Alvin mini-sub

Alvin being moved on tracks out of the hanger on the R/V Atlantis. Click image for larger view.

Calm Seas Result in a Successful First Dive

June 26, 2002

Catalina Martinez
NOAA Office of Ocean Exploration

Alvin Launch
Murray Seamount
Location: 53.90N, 148.50W

Mother Nature cooperated with us today and provided relatively calm seas for our first Alvin dive of the expedition. After experiencing low-pressure systems for three days that resulted in heavy seas and a relentless wind, we were pleasantly surprised (to say the least) at the calm conditions of the morning.

Alvin began the slow transit out of the hanger at approximately 7:15 am, and all hands were on deck in anticipation of the first launch sequence of the expedition. Bruce Strickrott, one of three Alvin pilots on board, entered the sub, followed by Brad Stevens, a NOAA Fisheries scientist from Kodiak, AK, and Randy Keller, a marine geologist from Oregon State University.

Pilots entering Alvin

Randy Keller and Brad Stevens (from left to right) entering Alvin on our first dive. Click image for larger view.

Alvin is launched and recovered with an A-frame that lifts the sub off the deck, moves it out and away from the ship, and then places it in the sea. "Swimmers" are present to detach and attach lines from the A-frame to the sub (among other duties) during the launch and recovery processes. A small boat called an Avon stands by to pick up the swimmers and to deal with any last-minute details. Once the swimmers secure the hatch on the Alvin, the sub begins to descend to a predetermined depth.

Alvin surfacing

Swimmers Brian Leach and Anthony Berry, speak with the Alvin pilot during the first launch while Kevin Threadgold and Ed “Catfish” Popowitz stand by in the Avon. Click image for larger view.
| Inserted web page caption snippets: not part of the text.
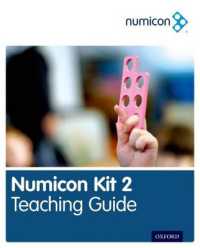 Numicon Kit 2 Teaching Guide （Spiral）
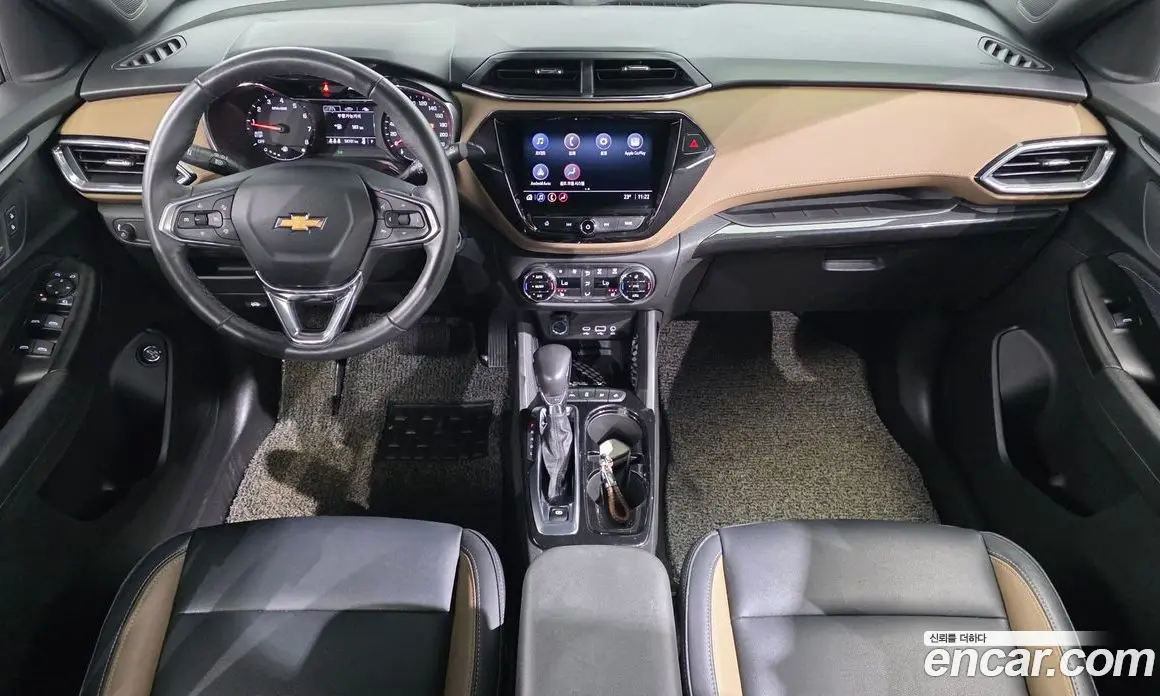 Chevrolet TrailBlazer 2020 1.3 автомат (гидро), фото 10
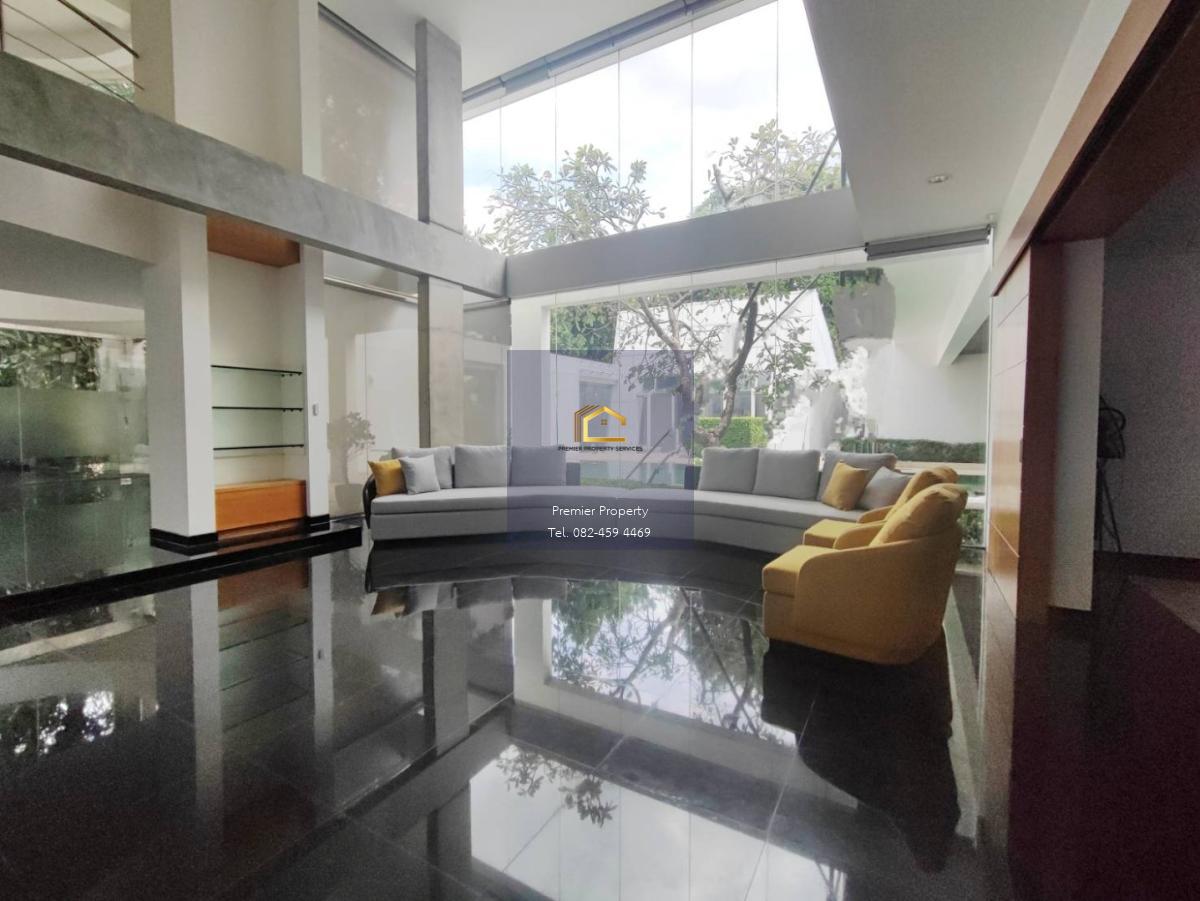 ปล่อยเช่าบ้านในโครงการนิชดา พาร์ค แบบ 4 ห้องนอน พร้อมสระว่ายน้ำส่วนตัว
Sub to Surface Communication

Contact with the sub is maintained throughout the entire dive by a surface controller (typically one of the Alvin pilots) who also provides surface navigation for the Alvin. The Alvin pilot calls up at least once every half hour to state the latitude and longitude of the sub, and to provide other pertinent information. If communication is cut off for one sequential hour, then the Alvin pilot will begin to surface as a safety precaution. The sub must be back at the surface no later than 5:00 pm, and a dive can last pretty much as long as the power on the sub lasts. This is dependent on many things, such as the maximum depth of the dive, the strength of the current, and how much light is used during a dive.

Alvin Recovery Operation

Randy Keller being interviewed

Randy Keller being interviewed by Chad Cohen, producer for the National Geographic Channel, while Norris Brock, videographer for the National Geographic Channel, records the moment. Click image for larger view.

The Avon is launched for the recovery operation just prior to the projected surface time of the Alvin, and swimmers provide navigational instruction to the sub pilot while at the surface. Recovery is a much longer process than the launch. It can be a difficult and dangerous operation if the seas do not cooperate. The sub provides a ride often described as a “washing machine-effect” while at the surface, so all are eager to get out as soon as possible. Some are greener than others!

At the end of the first successful dive of the expedition, the science crew swarmed the passengers, eager to learn what was discovered on Murray Seamount. Amidst the flashes of cameras (the largest of which was carried by Norris Brock, videographer for the National Geographic Channel), stories and the excitement of discovery were shared by all.